Task material section start
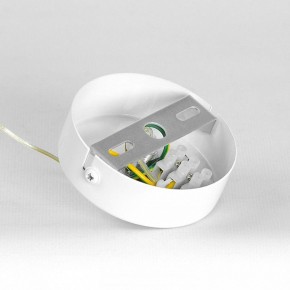 Подвесной светильник Lussole Gregg LSP-8963 в Лысьве - lysva.ok-mebel.com | фото 7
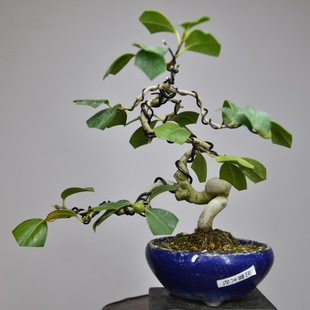 中国记忆 日本茶梅出云大社3号  春季开花盆景盆栽 进口现货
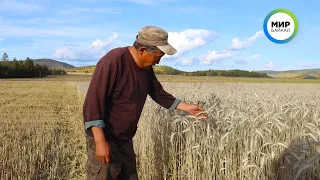 Фермеры Бурятии собирают урожай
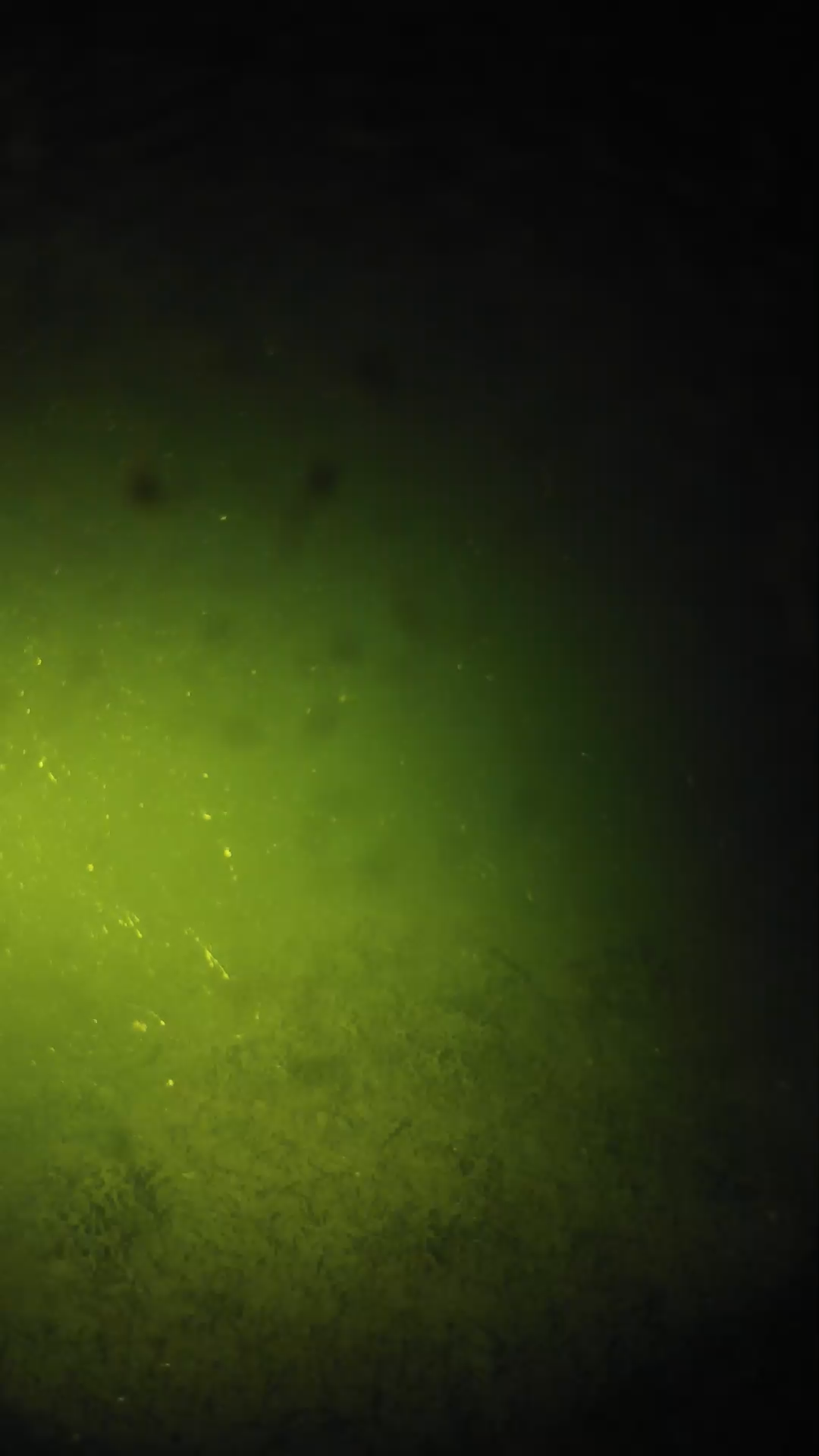 lander_ipcam_20240625220547.png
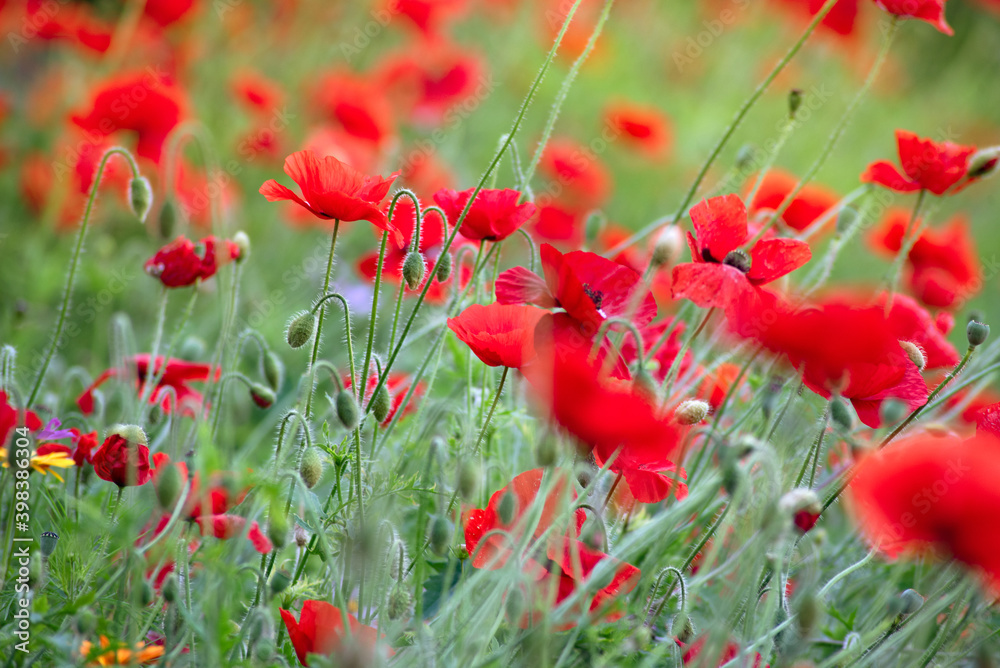 Fototapeta premium lots of red poppies in a clearing close up on a warm summer day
Task material section end
Task details
The expected output is every entry, retyped exactly, with all pictures removed.

Your response
 Подвесной светильник Lussole Gregg LSP-8963 в Лысьве - lysva.ok-mebel.com | фото 7
 中国记忆 日本茶梅出云大社3号  春季开花盆景盆栽 进口现货
 Фермеры Бурятии собирают урожай
 lander_ipcam_20240625220547.png
 Fototapeta premium lots of red poppies in a clearing close up on a warm summer day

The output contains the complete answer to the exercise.